By Patrick Avenell
MELBOURNE, VIC: The iPod docking category is not dead, but integration with devices from multiple manufacturers is an emerging essential for audio accessory suppliers, according to Pioneer product manager for home entertainment and Pure, Trevor Wilson.
In response to Creative yesterday telling Current.com.au that the iPod docking category was extinct, Wilson said this declaration was premature. Where Pioneer and Creative do agree, however, is on Bluetooth, with both Wilson and Creative’s Daniel Seow introducing products to work with multiple formats over the wireless technology.
“From our point of view, our iPod docks are called iPod docks, but they have Bluetooth connectivity on these devices, which allows content from smartphones, BlackBerrys, computers – depending on where you store your media – to be streamed directly into that unit.

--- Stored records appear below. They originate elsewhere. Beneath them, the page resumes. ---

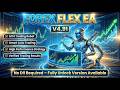 Forex Flex v4.91 | Category : MT4 EA (Build 1430+) | No DLL #PropFirm | Forex EA 2026|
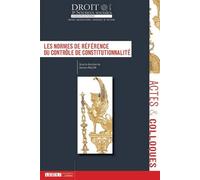 Les normes de référence du contrôle de constitutionnalité - Damien Fallon - Univeau Poitiers Pu.juridiques - broché - Etude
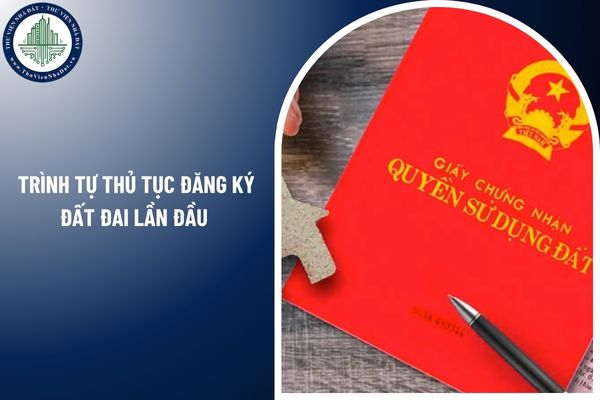 Trình tự thủ tục đăng ký đất đai lần đầu đối với trường hợp được Nhà nước giao đất để quản lý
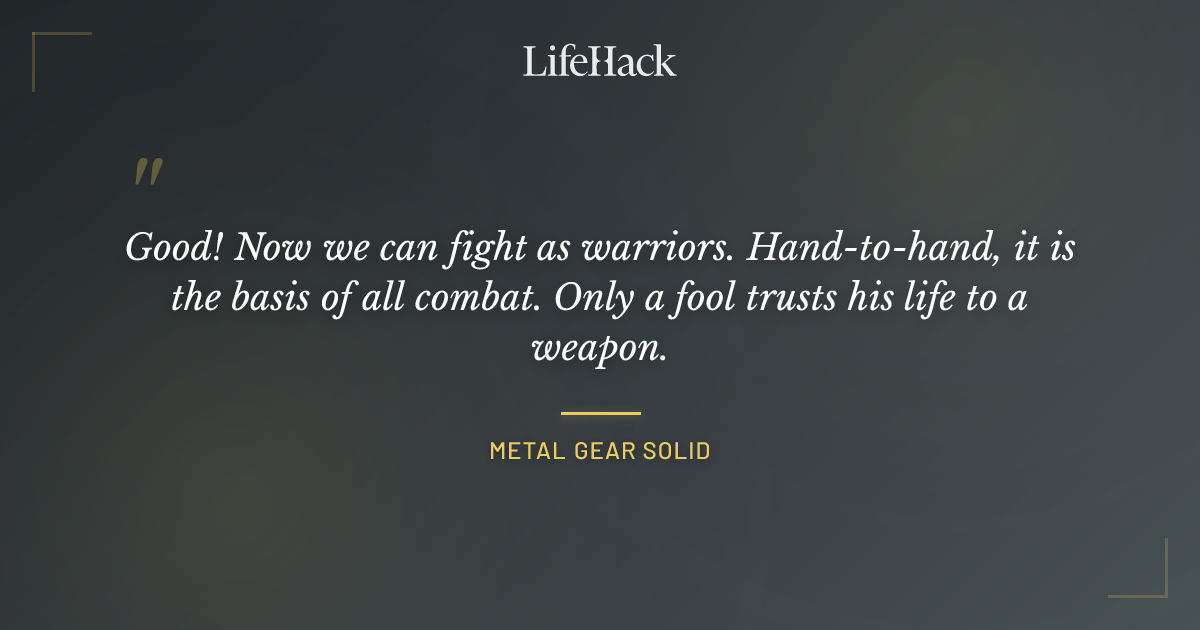 Quote by Metal Gear Solid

“Although it’s an iPod dock, it’s catering to more devices on the market. Consumers are looking for ‘Made for iPod’ and ‘Works with iPhone’; they’re looking for those labels on products.”
When asked if audio accessory manufacturers – of which Pioneer is a leading player – are focusing too much on Apple products, and ignoring alternative, admittedly less popular MP3 player brands, Wilson agreed, but said that this was set to change.
“At the moment, Apple has the majority of share within the market, but Australia has only recently seen the introduction of smartphones, and that category will continue to grow within Australia.
“[Smartphones are being] released from all different manufacturers, so you need to cater for connectivity from all of them. With Bluetooth on our docks, we’re catering for any manufacturer’s phone.”
Finally, Wilson said that in an ideal world, manufacturers would agree on a standard for docking functionality, allowing consumers to use the same accessory for a range of devices.
“Definitely for consumers it would be a good move, but in reality I don’t see it happening because of competition between manufacturers.”